Italian expression of the day: ‘Pesce d’aprile’

There's no escape from the pranksters' favourite day of the year in Italy. Here, it just has a cuter name: 'April's fish'.

Italian expression of the day: 'Pesce d’aprile'
Photo: Annie Spratt/Unsplash/Nicolas Raymond

While you’re right to be sceptical of everything you read at this time of year, I promise today’s Italian expression isn’t made up.

I imagined that il pesce d’aprile, or ‘April’s fish’, came from the idea of ‘baiting’ people or ‘fishing’ for responses with joke articles or announcements and seeing if they’d ‘bite’.

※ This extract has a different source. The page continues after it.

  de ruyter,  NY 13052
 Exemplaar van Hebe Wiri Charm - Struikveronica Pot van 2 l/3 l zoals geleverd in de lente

After all, the Italian verb abboccare means ‘to bite, or to take the bait’ and figuratively it also means ‘to be fooled, deceived, or taken in’, just like in English. It’s rooted in the word bocca, or mouth.

Ha abboccato e non ha avuto alcun sospetto!
He fell for it and had no idea!

But no. I’m told the name ‘pesce d’aprile actually comes from a common prank that involves sticking a drawing of a pesciolino (‘little fish’) onto the back of an unsuspecting victim.

Then everyone else asks if they’ve seen ‘April’s fish’ and makes jokes about that person – when, of course, the victim doesn’t know they’re ‘it’.

– L’hai visto? (Have you seen him/her?)
– Chi? (Who?)
– Il pesce d’Aprile! (April’s fish!)

It sounds a bit quaint, but taping a fish onto someone’s back is still something people – most likely children – do in Italy nowadays

Photo: Depositphotos

It’s not clear where the custom comes from: there are a few different theories, ranging from Christian traditions around eating (or avoiding) fish on certain holy days to the idea that fishermen who returned to port without a catch at this time of year might have been the object of mockery. No one knows for sure.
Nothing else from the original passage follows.